The U.S. Constitution has only been amended 27 times–10 of which comprise the Bill of Rights. In order to propose an amendment to the states, it must pass a two-thirds vote in both houses of Congress. After this, the proposed amendment must be passed by three-fourths of states. This process is arduous and inefficient, and is not the best means through which to pursue fast change.
One plan to reform the Electoral College system bypasses this process. The National Popular Vote bill is an interstate compact in which all of the participating states’ electoral votes would be awarded to the presidential candidate who wins the nationwide popular vote. This bill takes effect only when identically enacted by states possessing a majority of electoral votes (270/538). This bill has several large perks:
- The power is given back to the voters. It enrages me to think that my state, voting on my behalf, might be allocating its votes to a candidate I do not support. I’d like to think that we’re past the elitist point in our political history where everyday citizens couldn’t be trusted with a decision of this magnitude.

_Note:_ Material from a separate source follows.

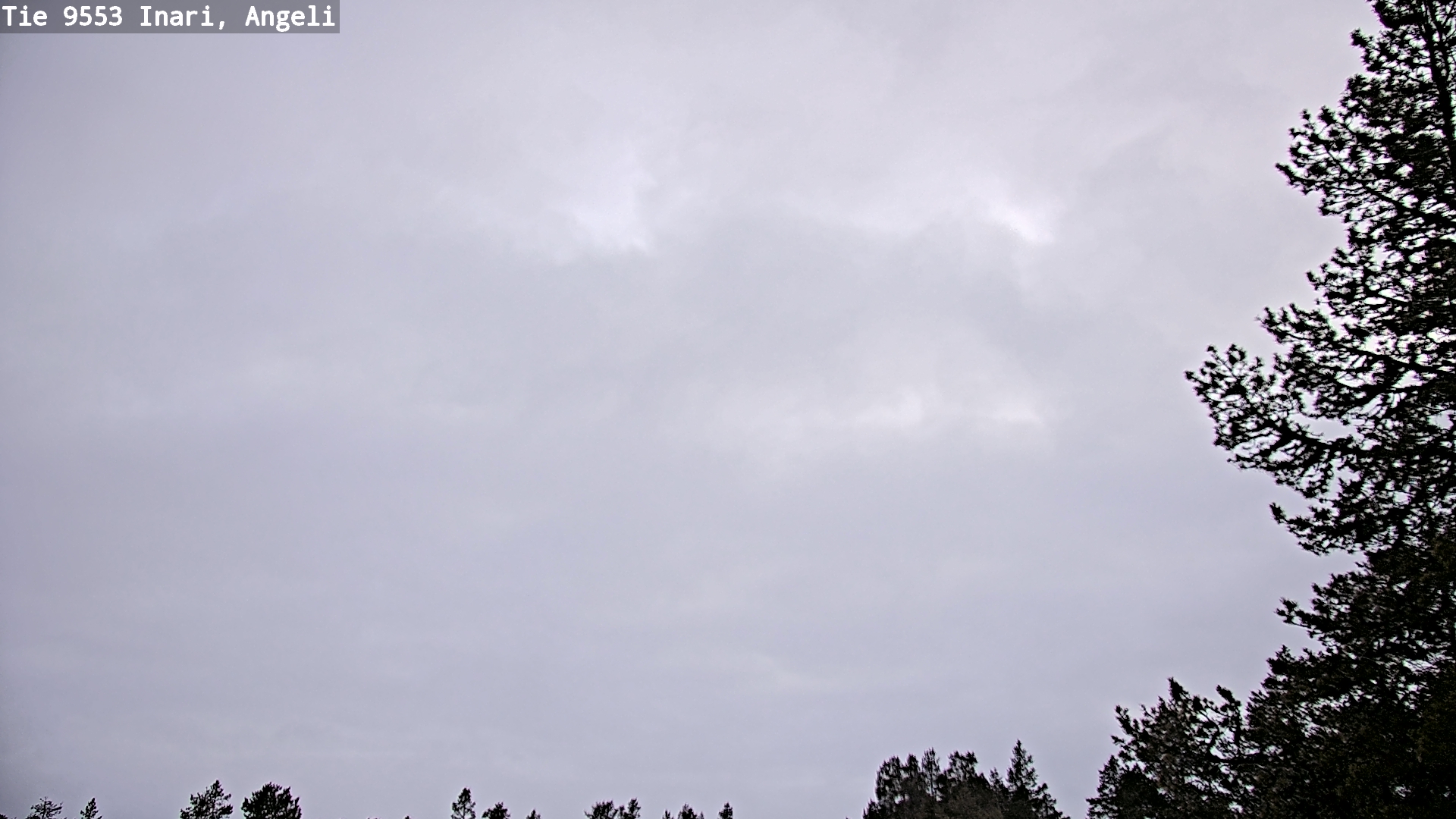 Kelikamerat Kuva Tie 9553 Inari, Angeli, Lintupuolivaara, Inari, Lappi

- We all remember 2000–the winner of the electoral college vote (Bush) did not win the national popular vote. This mismatch also occurred in 1876 and 1868. Incidents like these, in my opinion, the most obvious flaw in the current system. The NPV interstate compact ensures that the will of the majority is preserved throughout the election process. However, the intent of the founding fathers was to ensure the inverse–if your view is that the majority ought not rule in this case, you won’t see this as a merit of the NPV plan.

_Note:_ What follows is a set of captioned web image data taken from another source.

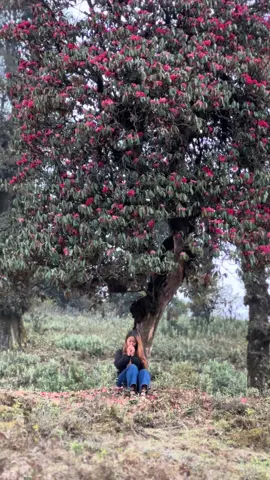Priya phool 🫀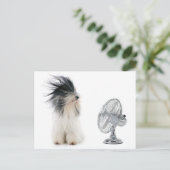 Tibetischer Terrier und sein Fan Postkarte (Stehend Vorderseite)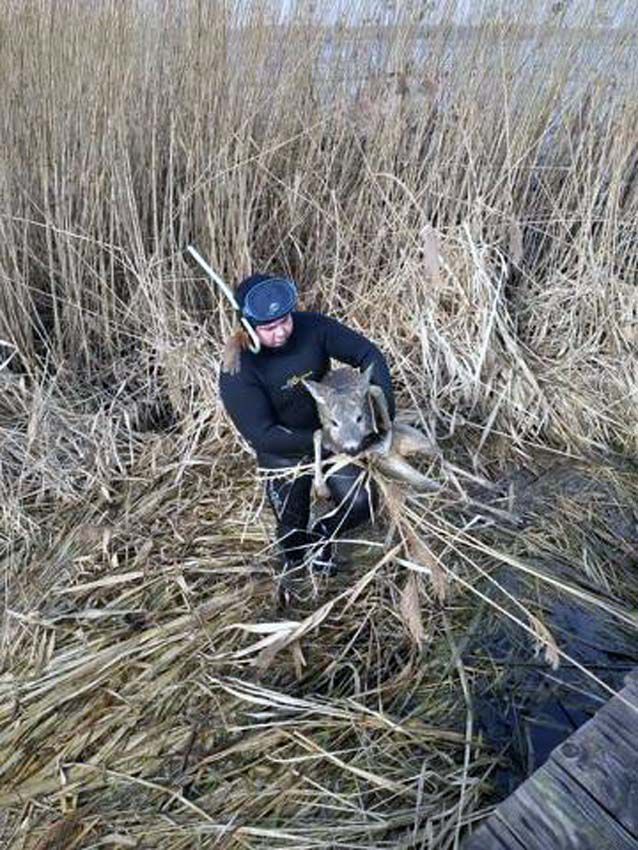 У Рівненській області врятували козулю з крижаної пастки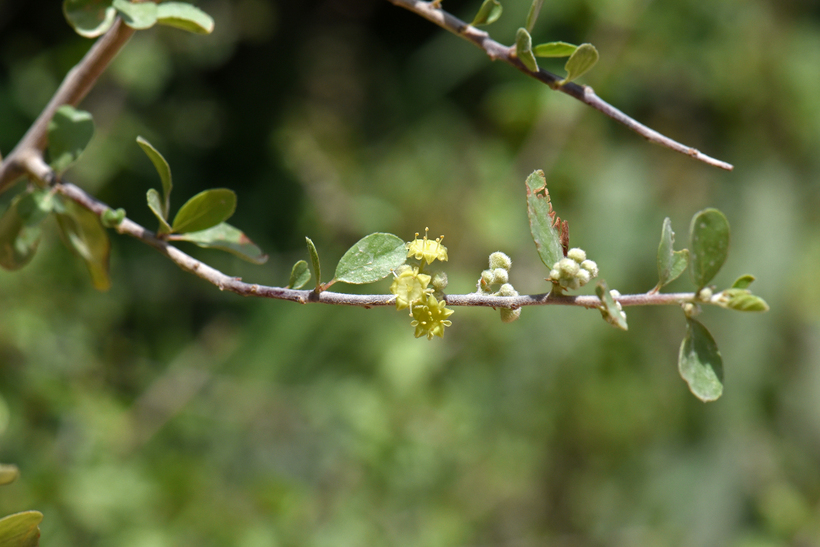 Image of Las Animas nakedwood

- The NVP plan levels the playing field amongst states by removing any influence discrepancy caused by size. Some argue that small states are favored in the current system because they have more electoral votes relative to their population size. Others hold that larger states benefit from the winner-takes-all system because a larger size means more electoral votes, and therefore more sway. Intuitively, the latter seems to me to be the larger issue. Regardless, the NVP plan takes away this bias and treats all voters equally in their clout.

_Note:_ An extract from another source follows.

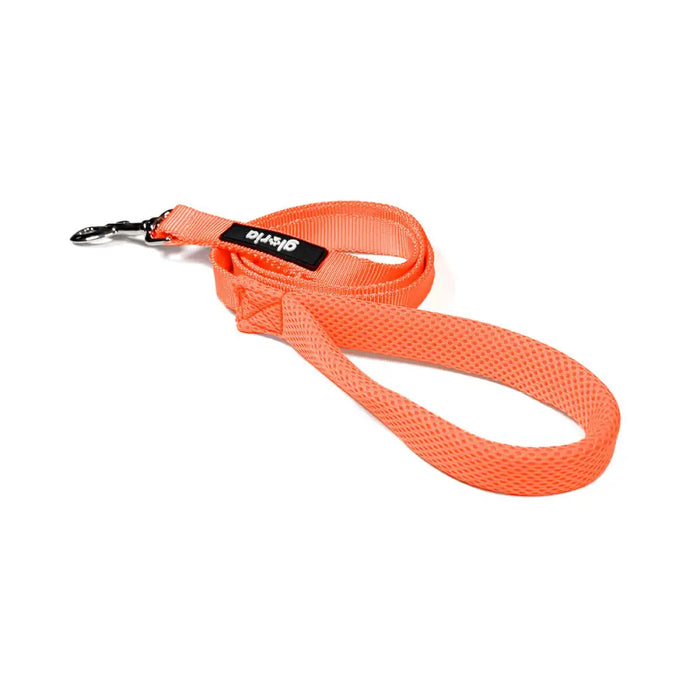 Dog Lead Gloria Orange S - Домашни Животни<<<Дом Градина<<<BigBuy&&&Пътуване и разходки<<<Домашни Животни<<<Дом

- The National Popular Vote bill further equalizes states by eliminating the swing state bias that we statistically and anecdotally know to exist in the current system. Virginia is getting more attention than, say, Washington. This is because VA could go red or blue, but no republican presidential candidate would chase votes in Seattle. My Tacoma-residing evil twin, then, has a vote which is less valuable and far less sought after than mine in Williamsburg. This bias impacts voter turnout in a very real way. CIRCLE (Committee for the Student of the American Electorate) research shows that turnout among voters under age 30 was 64.4% in the top 10 swing states, and was only 47.6 in the rest of the country. A 17% gap is nothing to scoff at. This becomes the point at which our current system absolutely impacts the civic engagement of the next generation. Voting is habitual–when newly minted voters at 18 realize that their vote doesn’t count for much, they’re not likely compelled to become further involved.
Think this fair voting procedure is but a dream of hopeless democratic romantics? After all, there’s no way larger states would vote to make their influence less important. Guess again. We’re about halfway there: Maryland, New Jersey, Illinois, Hawaii, Washington, Massachusetts, D.C, Vermont, and California have all signed on. This gives us 132 of the 270 electoral votes which would be required to constitute a majority. The plan is currently pending approval in New York, North Carolina, and Pennsylvania. The major roadblock is the swing states–these states are not likely to give up their influence. Swing states enjoy the attention they receive. More crucially, state and national leaders from swing states certainly enjoy the perks they receive, which often come in the form of political appointments, invitations to speak at conventions, and even convention placement. However, the group of swing states is a small one, and could be overcome with the proper organizational and grassroots structure.
It’s clear that it won’t be ready by 2012, but there IS hope that, in the not too distant future, U.S. citizens could vote and be counted equally.